3 Août 2010
Certes la visite qu’effectue Blaise Compaoré aujourd’hui 3 août 2010 à Conakry
est moins stressante que celle qu’il y avait faite le 5 octobre 2009, soit à peine une semaine après le massacre à huis clos au stade du 28-Septembre. A l’époque il s’était agit de dépêtrer ce
pays d’une éventuelle guerre civile qui se profilait à l’horizon. Tâche ardue pour le premier magistrat burkinabè dans une Guinée longtemps malade de ses présidents et qui héritait encore d’un
autre chef d’Etat, Moussa Dadis Camara, qui, si au début il inspirait confiance par son volontarisme et son franc-parler, s’est révélé être au fil des mois un pis-aller.

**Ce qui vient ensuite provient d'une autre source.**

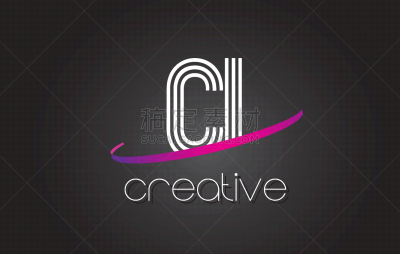 C1,紫色,品牌名称,英文字母C,线条,英文字母I,创造力,商务,文字,设计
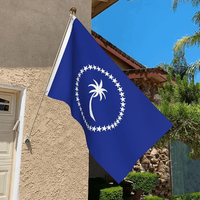 Bandera de Chuuk de 3x5 pies, poliéster de lujo resistente y duradero, para interiores/exteriores con rayas cosidas y ojales de latón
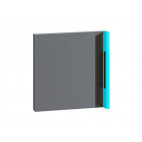 Bookcase CUBICO CU14 With Anthracite / Turquoise Extensions Door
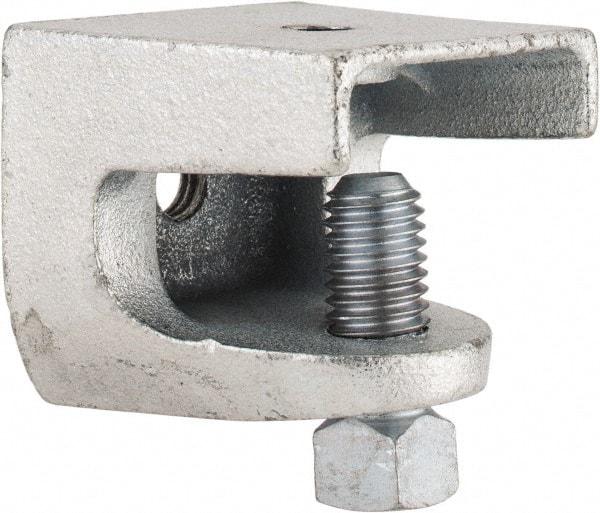 Thomas & Betts - 1" Max Flange Thickness, 1/2-13" Rod Standard Beam Clamp - 1,300 Lb Capacity, Malleable Iron - A1 Tooling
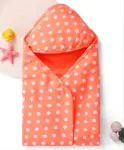Tinycare Hooded Towel Strawberry Print - Blue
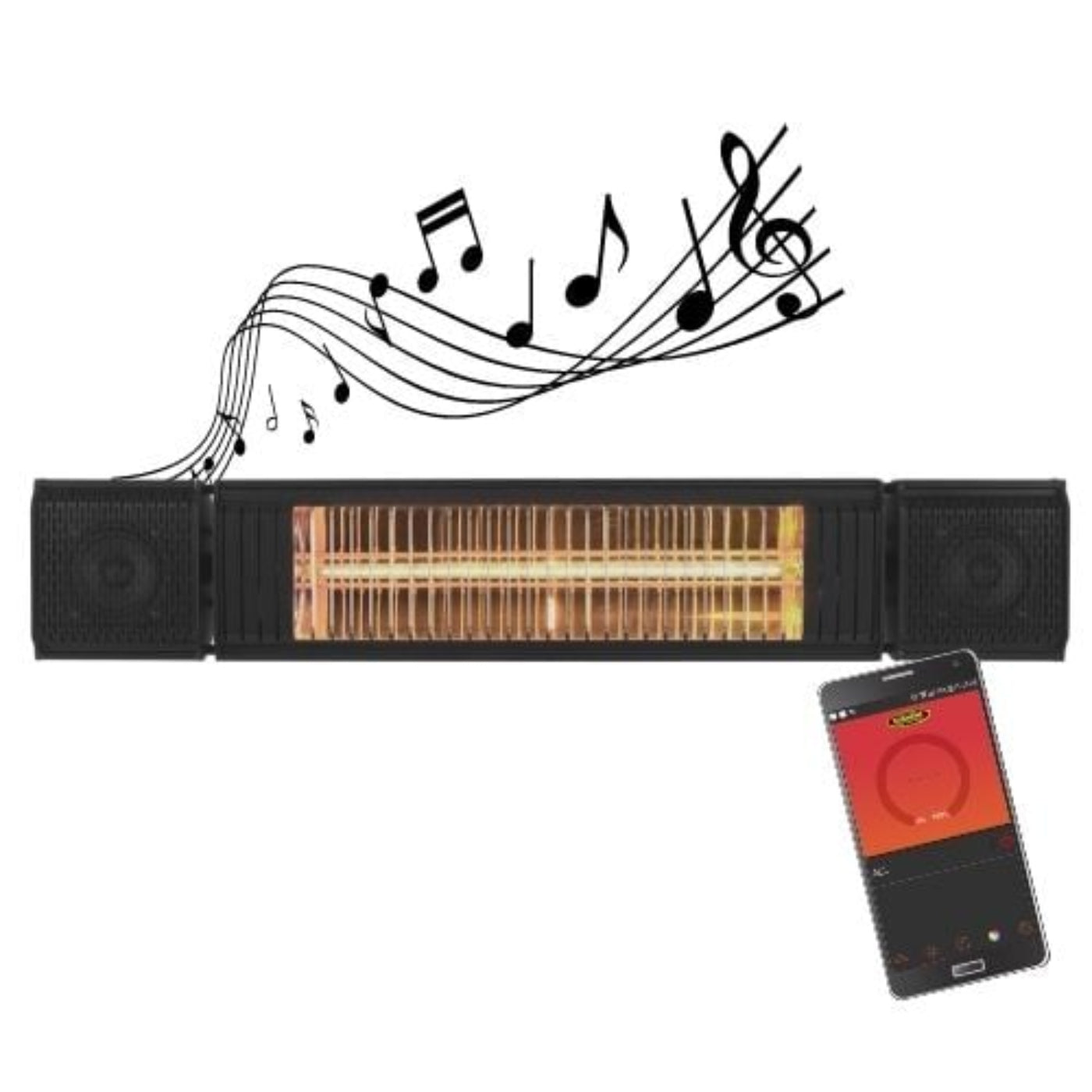 SUNHEAT and Beat Electric Wall or Tripod Mounted Patio Heater with Remote - 90190010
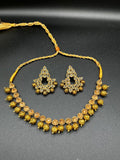 Dazzling Star jewelry set in Antique gold Look - NATASHAHS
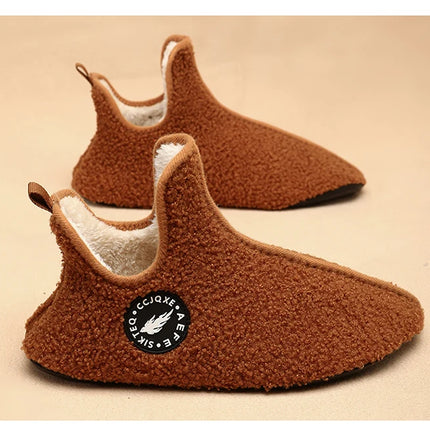 Winter Slippers Men Couples Slippers Non-slip Warm Women and Men Slipper Indoor Soft Shoes Comfortable Flat Home Cotton Shoe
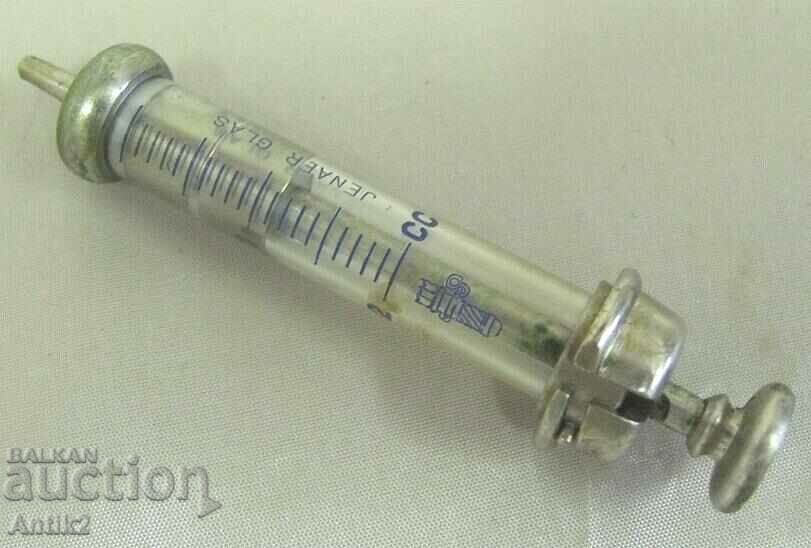 WWII Syringe in Metal Container 2cc - 5 WWII Syringe in Metal Container 2cc - 5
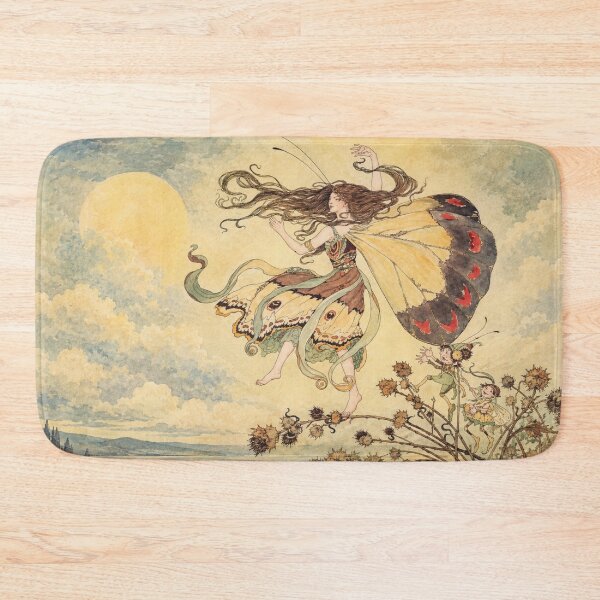 Item preview, Fairy Tale Wall Art, Vintage Fairy Illustration Print, Frances Comstock Fantasy Art designed and sold by RickE.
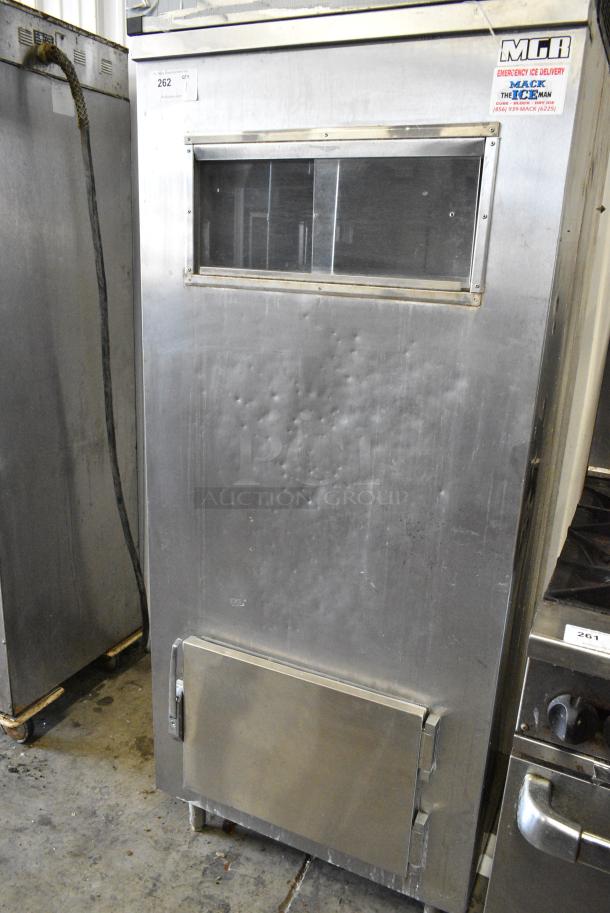 Ice O Matic ICE1006HA4 Stainless Steel Commercial Ice Head on MGR Stainless Steel Ice Bin.  208/230 Volts, 1 Phase. - Image 4 of 5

Apparemment, ce séjour au pas de charge du docteur es crises avait été salutaire grâce à la potion administrée au comateux. Mieux, Blaise Compaoré a suivi pas à pas la convalescence du malade par
son arbitrage lors de la longue palabre guinéo-guinéenne qui s’est soldée à Ouagadougou par l’Accord du 15 janvier 2010.
C’est vrai que le travail du facilitateur a été allégé par le régicide manqué du 3 décembre 2009 (cynisme politique, quand tu nous tiens !) et par le poids du président intérimaire, qui a mis son
honneur d’officier et son ascendance sur l’Armée ou plutôt ce qui en tient lieu dans la balance. L’image du « Tigre » martial, présent dans la capitale burkinabè le 13 janvier 2010, tançant les
proDadis et menaçant de rendre le tablier est encore frais dans les mémoires.
Il y a aussi, et on l’oublie souvent, son désintérêt pour la présidence, car le processus guinéen aurait connu une autre tournure si le général Sékouba Konaté s’était mis en tête de solliciter le
suffrage de ses compatriotes pour demeurer au pouvoir. On aurait hérité probablement d’un Dadis bis.
La présence, aujourd’hui 3 août 2010, du président du Faso à Conakry s’inscrit dans une logique de service après vente (SAV) politique : à l’évidence deux points s’imposent à lui comme des
impératifs catégoriques, presque kantiens :
1) Obtenir de tous les protagonistes une sorte de charte morale, un engagement de chacun des candidats, en particulier le trio gagnant, Cellou Dallein Diallo de l’Union des forces démocratiques
de Guinée (UFDG), Alpha Condé du Rassemblement du peuple de Guinée (RPG), et Sidya Touré de l’Union des forces républicaines (UFR), à être fair-play pour la suite de la course.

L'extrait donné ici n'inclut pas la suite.